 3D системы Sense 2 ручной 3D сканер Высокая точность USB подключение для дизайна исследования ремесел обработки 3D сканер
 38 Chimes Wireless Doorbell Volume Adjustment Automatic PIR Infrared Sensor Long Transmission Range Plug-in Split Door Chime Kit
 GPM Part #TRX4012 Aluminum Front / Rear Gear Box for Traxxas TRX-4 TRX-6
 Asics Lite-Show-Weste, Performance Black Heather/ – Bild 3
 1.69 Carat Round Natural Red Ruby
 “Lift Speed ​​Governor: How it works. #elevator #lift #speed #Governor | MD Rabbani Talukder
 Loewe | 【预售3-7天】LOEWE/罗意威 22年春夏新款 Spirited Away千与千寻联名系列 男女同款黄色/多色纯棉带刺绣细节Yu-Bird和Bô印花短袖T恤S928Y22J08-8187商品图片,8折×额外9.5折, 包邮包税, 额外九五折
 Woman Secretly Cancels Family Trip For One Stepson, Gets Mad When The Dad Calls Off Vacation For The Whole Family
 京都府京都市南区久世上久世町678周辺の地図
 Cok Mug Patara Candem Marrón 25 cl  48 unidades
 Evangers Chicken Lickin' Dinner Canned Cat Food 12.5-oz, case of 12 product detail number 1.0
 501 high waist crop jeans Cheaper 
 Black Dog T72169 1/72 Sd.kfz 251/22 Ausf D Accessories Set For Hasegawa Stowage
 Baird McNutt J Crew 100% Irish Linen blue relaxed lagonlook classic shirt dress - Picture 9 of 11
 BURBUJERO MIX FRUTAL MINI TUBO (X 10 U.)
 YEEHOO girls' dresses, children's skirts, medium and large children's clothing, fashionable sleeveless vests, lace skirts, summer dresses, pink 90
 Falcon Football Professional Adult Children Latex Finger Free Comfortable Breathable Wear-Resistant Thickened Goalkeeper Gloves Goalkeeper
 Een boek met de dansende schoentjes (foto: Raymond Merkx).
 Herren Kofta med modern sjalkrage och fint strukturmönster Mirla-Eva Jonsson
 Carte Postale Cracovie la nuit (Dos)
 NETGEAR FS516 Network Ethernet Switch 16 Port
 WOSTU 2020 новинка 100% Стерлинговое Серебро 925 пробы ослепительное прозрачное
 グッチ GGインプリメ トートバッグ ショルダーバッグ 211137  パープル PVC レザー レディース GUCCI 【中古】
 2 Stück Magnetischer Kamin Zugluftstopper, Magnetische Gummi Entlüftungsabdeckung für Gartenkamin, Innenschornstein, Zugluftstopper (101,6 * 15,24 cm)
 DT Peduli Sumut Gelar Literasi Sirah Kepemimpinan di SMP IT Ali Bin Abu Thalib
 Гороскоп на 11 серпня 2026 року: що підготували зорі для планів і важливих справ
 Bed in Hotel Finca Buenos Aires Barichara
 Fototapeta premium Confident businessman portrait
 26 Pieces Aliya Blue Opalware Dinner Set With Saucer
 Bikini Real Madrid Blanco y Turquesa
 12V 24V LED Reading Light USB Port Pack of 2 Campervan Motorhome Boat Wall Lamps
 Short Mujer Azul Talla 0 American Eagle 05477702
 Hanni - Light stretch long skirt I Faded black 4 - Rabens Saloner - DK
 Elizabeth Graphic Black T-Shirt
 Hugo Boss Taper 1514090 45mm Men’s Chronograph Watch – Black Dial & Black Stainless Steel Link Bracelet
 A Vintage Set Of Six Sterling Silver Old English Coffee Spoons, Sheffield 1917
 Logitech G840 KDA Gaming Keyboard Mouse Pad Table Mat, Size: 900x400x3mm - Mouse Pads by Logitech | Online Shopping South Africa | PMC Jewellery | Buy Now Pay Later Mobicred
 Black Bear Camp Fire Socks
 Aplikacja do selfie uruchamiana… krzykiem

::::

> [Task item]: Each record above should be output again exactly.

> [Response]:
 3D системы Sense 2 ручной 3D сканер Высокая точность USB подключение для дизайна исследования ремесел обработки 3D сканер
 38 Chimes Wireless Doorbell Volume Adjustment Automatic PIR Infrared Sensor Long Transmission Range Plug-in Split Door Chime Kit
 GPM Part #TRX4012 Aluminum Front / Rear Gear Box for Traxxas TRX-4 TRX-6
 Asics Lite-Show-Weste, Performance Black Heather/ – Bild 3
 1.69 Carat Round Natural Red Ruby
 “Lift Speed ​​Governor: How it works. #elevator #lift #speed #Governor | MD Rabbani Talukder
 Loewe | 【预售3-7天】LOEWE/罗意威 22年春夏新款 Spirited Away千与千寻联名系列 男女同款黄色/多色纯棉带刺绣细节Yu-Bird和Bô印花短袖T恤S928Y22J08-8187商品图片,8折×额外9.5折, 包邮包税, 额外九五折
 Woman Secretly Cancels Family Trip For One Stepson, Gets Mad When The Dad Calls Off Vacation For The Whole Family
 京都府京都市南区久世上久世町678周辺の地図
 Cok Mug Patara Candem Marrón 25 cl  48 unidades
 Evangers Chicken Lickin' Dinner Canned Cat Food 12.5-oz, case of 12 product detail number 1.0
 501 high waist crop jeans Cheaper 
 Black Dog T72169 1/72 Sd.kfz 251/22 Ausf D Accessories Set For Hasegawa Stowage
 Baird McNutt J Crew 100% Irish Linen blue relaxed lagonlook classic shirt dress - Picture 9 of 11
 BURBUJERO MIX FRUTAL MINI TUBO (X 10 U.)
 YEEHOO girls' dresses, children's skirts, medium and large children's clothing, fashionable sleeveless vests, lace skirts, summer dresses, pink 90
 Falcon Football Professional Adult Children Latex Finger Free Comfortable Breathable Wear-Resistant Thickened Goalkeeper Gloves Goalkeeper
 Een boek met de dansende schoentjes (foto: Raymond Merkx).
 Herren Kofta med modern sjalkrage och fint strukturmönster Mirla-Eva Jonsson
 Carte Postale Cracovie la nuit (Dos)
 NETGEAR FS516 Network Ethernet Switch 16 Port
 WOSTU 2020 новинка 100% Стерлинговое Серебро 925 пробы ослепительное прозрачное
 グッチ GGインプリメ トートバッグ ショルダーバッグ 211137  パープル PVC レザー レディース GUCCI 【中古】
 2 Stück Magnetischer Kamin Zugluftstopper, Magnetische Gummi Entlüftungsabdeckung für Gartenkamin, Innenschornstein, Zugluftstopper (101,6 * 15,24 cm)
 DT Peduli Sumut Gelar Literasi Sirah Kepemimpinan di SMP IT Ali Bin Abu Thalib
 Гороскоп на 11 серпня 2026 року: що підготували зорі для планів і важливих справ
 Bed in Hotel Finca Buenos Aires Barichara
 Fototapeta premium Confident businessman portrait
 26 Pieces Aliya Blue Opalware Dinner Set With Saucer
 Bikini Real Madrid Blanco y Turquesa
 12V 24V LED Reading Light USB Port Pack of 2 Campervan Motorhome Boat Wall Lamps
 Short Mujer Azul Talla 0 American Eagle 05477702
 Hanni - Light stretch long skirt I Faded black 4 - Rabens Saloner - DK
 Elizabeth Graphic Black T-Shirt
 Hugo Boss Taper 1514090 45mm Men’s Chronograph Watch – Black Dial & Black Stainless Steel Link Bracelet
 A Vintage Set Of Six Sterling Silver Old English Coffee Spoons, Sheffield 1917
 Logitech G840 KDA Gaming Keyboard Mouse Pad Table Mat, Size: 900x400x3mm - Mouse Pads by Logitech | Online Shopping South Africa | PMC Jewellery | Buy Now Pay Later Mobicred
 Black Bear Camp Fire Socks
 Aplikacja do selfie uruchamiana… krzykiem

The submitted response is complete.